This work addresses the severe performance and thermal safety limitations imposed by thermal hotspots and uneven cache latency arising from on-chip network contention when running large-model inference on 3D stacked non-uniform cache architecture (S-NUCA) multicore CPUs. To tackle this challenge, the paper proposes AILFM, a novel framework that introduces active imitation learning into thermal- and core-aware scheduling for the first time. By learning near-optimal policies from oracle demonstrations, AILFM jointly optimizes thread migration and dynamic voltage/frequency scaling while accounting for both core heterogeneity and the unique kernel characteristics of large models. This approach overcomes the limitations of conventional schedulers that rely on oversimplified models and exhibit poor adaptability, achieving significant performance gains over state-of-the-art methods across diverse large-model workloads while ensuring thermal safety and incurring minimal runtime overhead.

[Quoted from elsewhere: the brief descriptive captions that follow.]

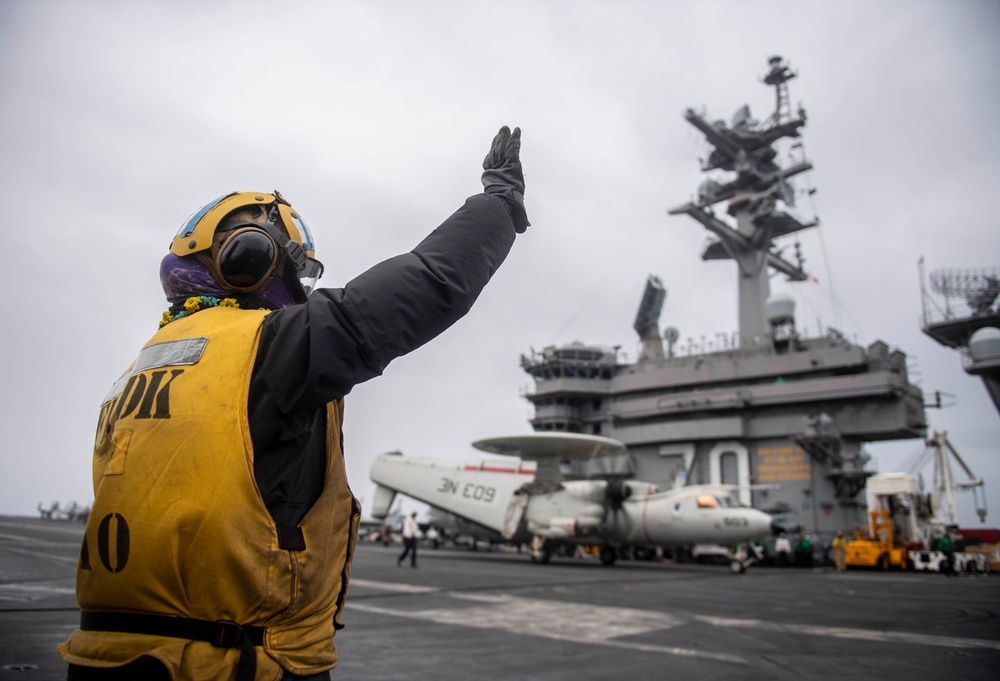 USS Carl Vinson (CVN 70) Conducts Routine Flight Operations in the South China Sea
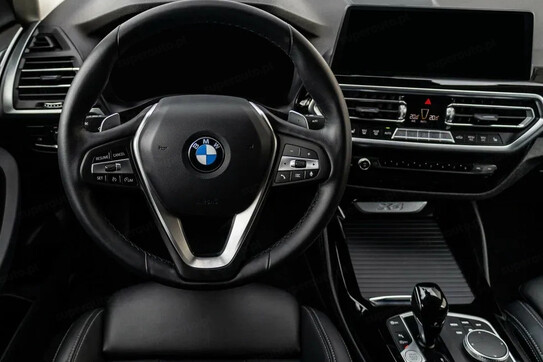 BMW X4 xDrive20i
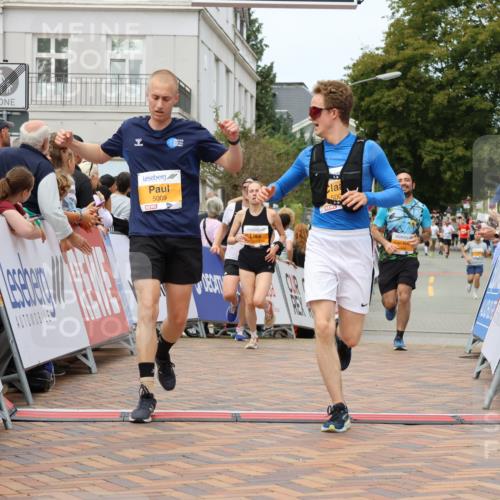 31.08.2025 - 21. Blankeneser Heldenlauf Strokosch-Dieckow http://msf.ph/oto/8699433 31.08.2025 12:44:24 Ziel 5535, 5009, 5448, 5326, 5443 meine-sportfotos.de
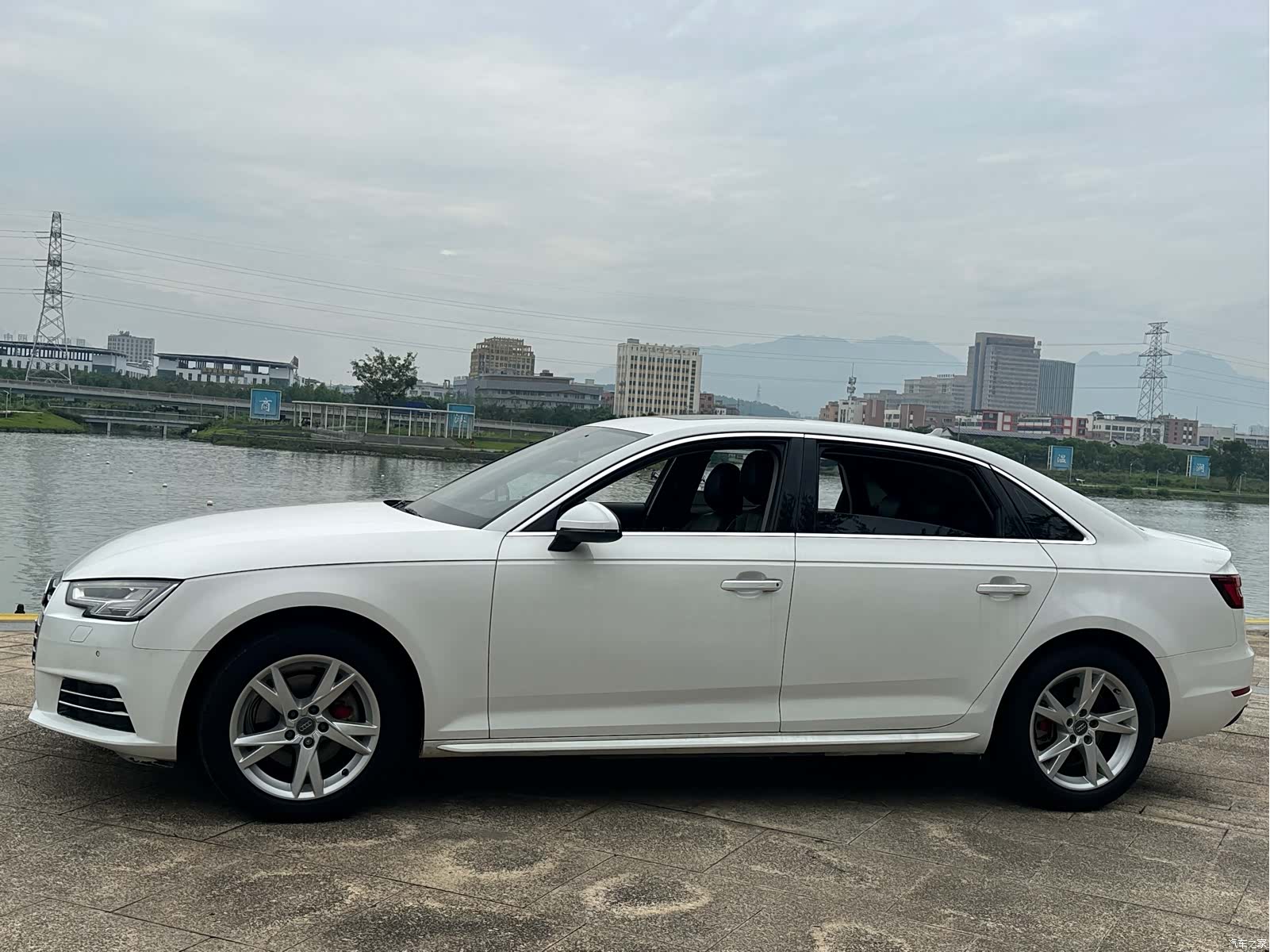 Audi A4L, 2018 7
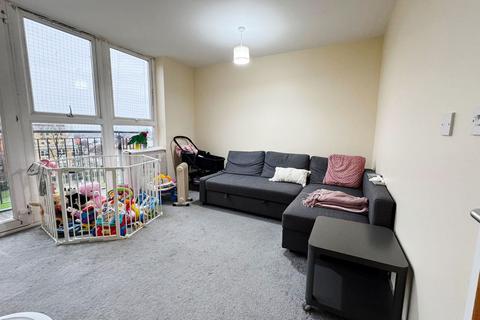 2 bedroom apartment to rent, Monarch Way, Ilford IG2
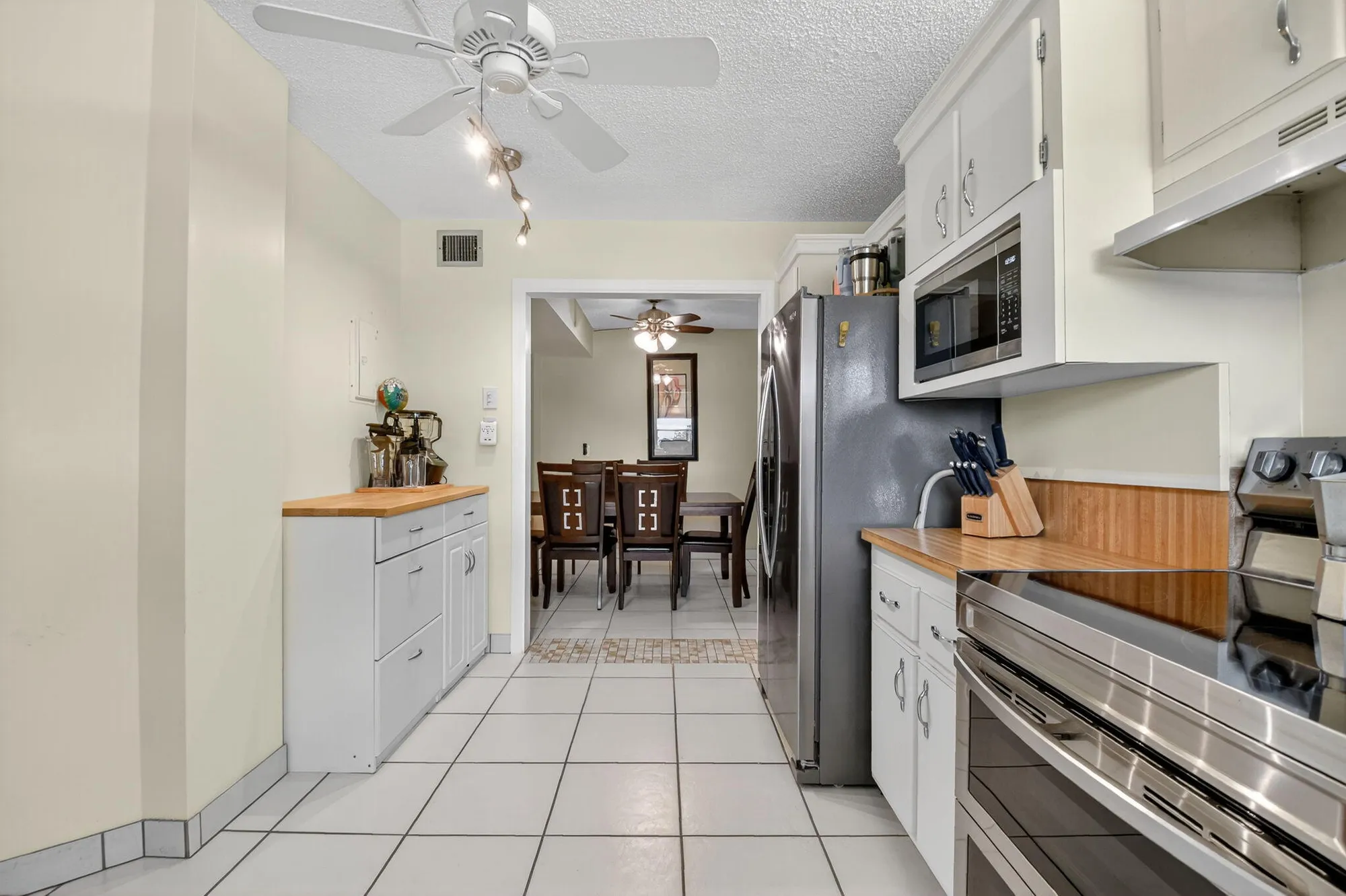 Property Slideshow image 13 of 30 | 3871 via poinciana apt 404, Lake Worth, FL, 33467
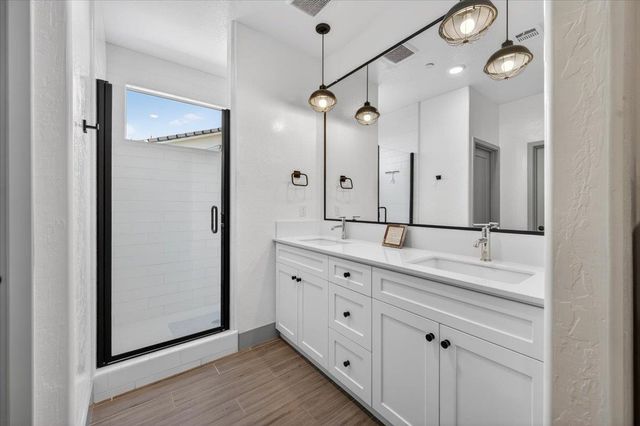 2086 N Phillip Avenue, Clovis, CA 93619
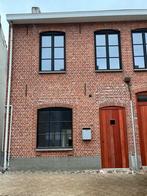 Gerenoveerd huis met 3 slpk te huur in centrum van Ravels, Immo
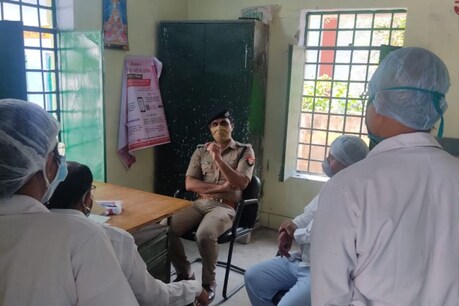 कोरोना काल में यूपी का ये IPS अधिकारी बना मिसाल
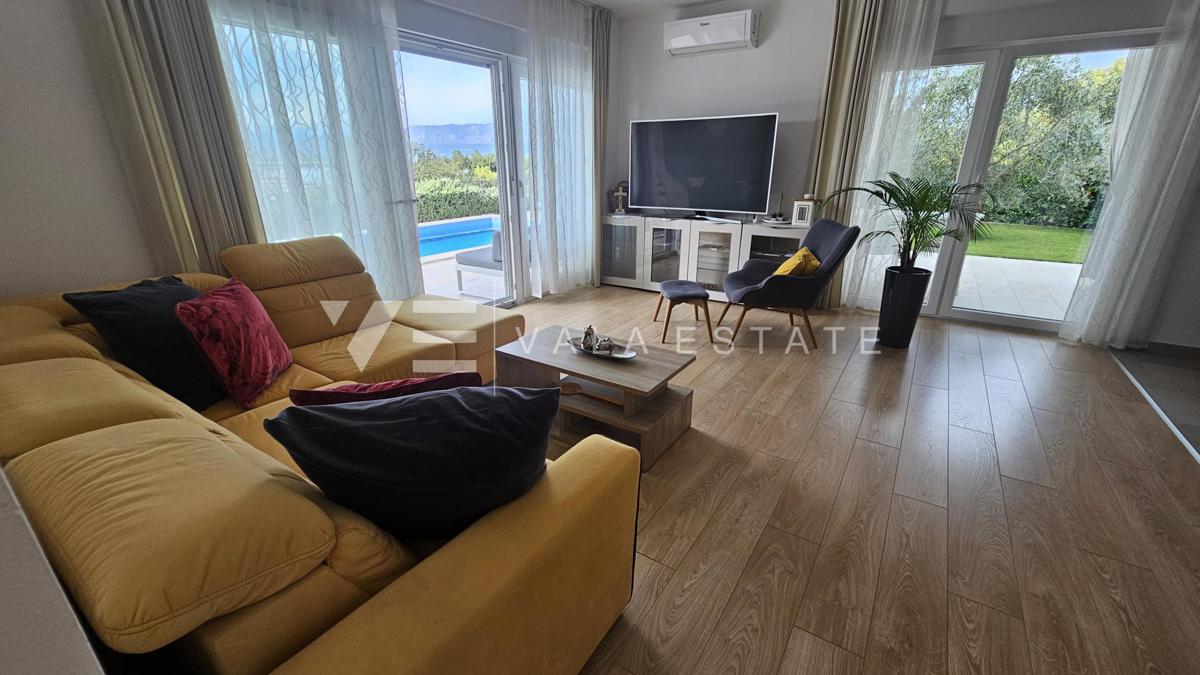 ELEGANTE VILLA MODERNA CON PISCINA E VISTA MARE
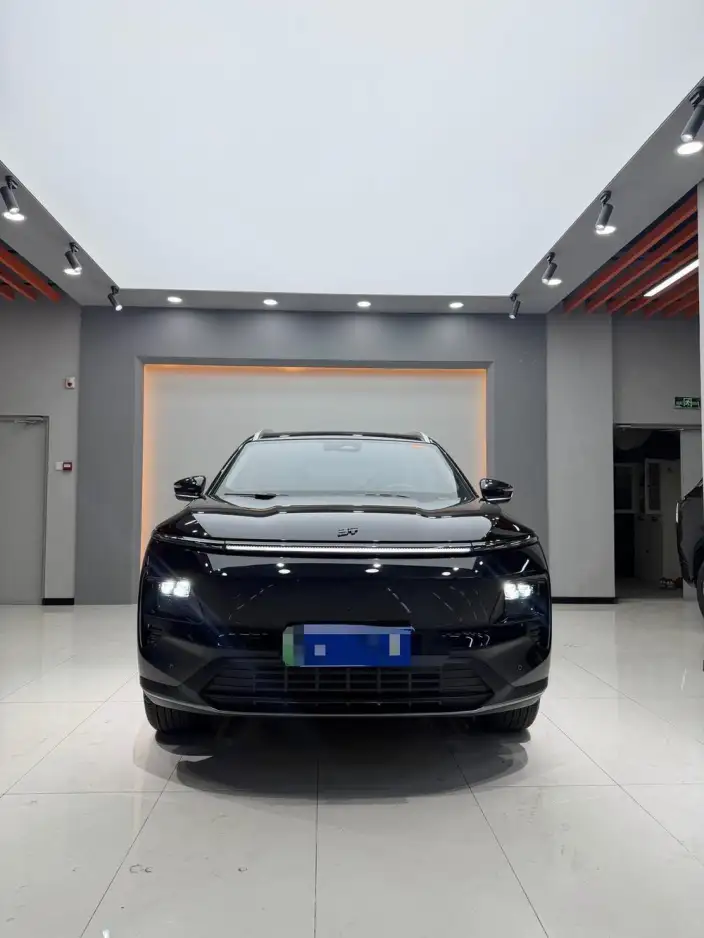 **Jetour Mountain Sea L7** 2024 Model 1.5TD DHT ULTRA – фото 2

Large Foundation Model (LFM) inference is both memory- and compute-intensive, traditionally relying on GPUs. However, the limited availability and high cost have motivated the adoption of high-performance general-purpose CPUs, especially emerging 3D-stacked Static Non-Uniform Cache Architecture (3D S-NUCA) systems. These architectures offer enhanced bandwidth and locality but suffer from severe thermal challenges and uneven cache latencies due to 3D Networks-on-Chip (NoC). Optimal management of thread migration and V/f scaling is non-trivial due to LFM kernel diversity and system heterogeneity. Existing thermal management approaches often rely on oversimplified analytical models and lack adaptability. We propose AILFM, an Active Imitation Learning (AIL)-based scheduling framework that learns near-optimal thermal-aware scheduling policies from Oracle demonstrations with minimal run-time overhead. AILFM accounts for both core-level performance heterogeneity and kernel-specific behavior in LFMs to maintain thermal safety while maximizing performance. Extensive experiments show that AILFM outperforms state-of-the-art baselines and generalizes well across diverse LFM workloads.